For BrdU analysis, cells were stained for surface markers, fixed (10 seconds at room temperature in FASCLyse solution; BD Biosciences), and then permeabilized for 12 to 14 hours in fixation/permeabilization solution (BD Biosciences, San Jose, CA) at 4°C. After washing (cold PBS/0.1% BSA), cells were incubated on ice (protected from light) with directly conjugated mAbs specific for BrdU and Ki-67 in the presence of 0.28 mg bovine pancreas-derived DNase 1 (Sigma-Aldrich) for 30 minutes.
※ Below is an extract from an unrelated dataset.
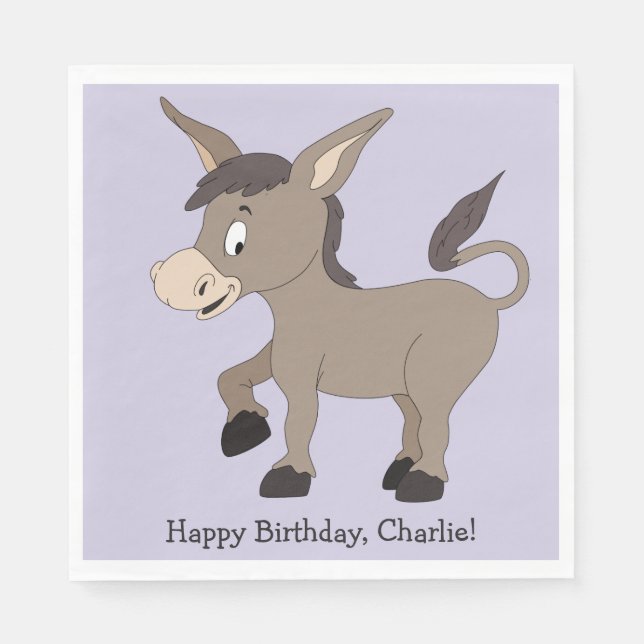 Donkey illustration custom text paper napkins (Front)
After staining, cells were resuspended in 2% paraformaldehyde in PBS.
FCM analysis was performed using the FACSCalibur instrument equipped with CellQuest software (BD Biosciences). CD4 and CD8 T-cell subsets were analyzed based on live lymphocyte light scatter profile and surface expression of CD3, CD4, and CD8β molecules. CD8, CD4, CD8+/CD28–, CD4+/CD28–, CD4+/CD28+, and CD8+/CD28+ were analyzed using one-way analysis of variance (ANOVA). Homogeneity of variances was tested using the Levene test, and pairwise comparisons of groups were performed using the Tukey-Kramer method when the homogeneity of variances was indicated and the Games-Howell method when the homogeneity of variances was not indicated. P ≤ .05 is considered statistically significant.
Results
Accumulation of memory-phenotype CD8+ T cells with immediate effector function in aged RMs
To investigate population dynamics of T-lymphocyte subsets in the course of RM aging, we analyzed splenic T-cell phenotypes by 4-color FCM. Animals of different age groups, representing the whole life span of RMs, were selected to perform a cross-sectional analysis of T-cell phenotype and effector function during the period of postnatal development, as well as in the course of advanced aging. To define distinct T-cell subsets, we used surface expression of CD95 and CD28, known to most consistently delineate naive and memory T-cell subsets in both human and the RM14,17 : naive cells were identified by intermediate to high expression of CD28 and a lack of CD95; memory phenotype T cells acquire surface expression of CD95, and can further be divided into CD95hiCD28high central-memory cells, and CD95hiCD28– effector-memory cells, hypothesized to be terminally differentiated.
Typical FCM profiles for the 3 RM age groups (Figure 1) illustrate that, although the neonatal spleen predictably contained mostly naive, CD95– cells, such cells were rapidly lost in the postnatal period, with a shift toward the dominance of CD95high memory cells (Figures 1 and 2A-B). At the population level, a sharp increase in the proportion of CD95high T cells was seen during the first 5 years of life, followed by further accumulation during aging, eventually taking up more than 90% of both the splenic CD4 and CD8 T-cell compartments (Figure 2A-B) (differences were most marked between neonates and juvenile animals and between juveniles and old [Figure 1]; less marked accumulation between adulthood and old age is shown for the whole cohort in Figure 2). This parallel acquisition of CD95 in CD4 and CD8 T cells could be due to similar kinetics of major histocompatibility complex (MHC) class I and class II antigenic exposure, or to other, presently unknown factors. The above data agree with previously published results obtained on RM peripheral blood lymphocytes (PBLs),14 underscoring an extremely early transition toward a memory phenotype in RMs, imposing a question of the functional potential of the above subsets.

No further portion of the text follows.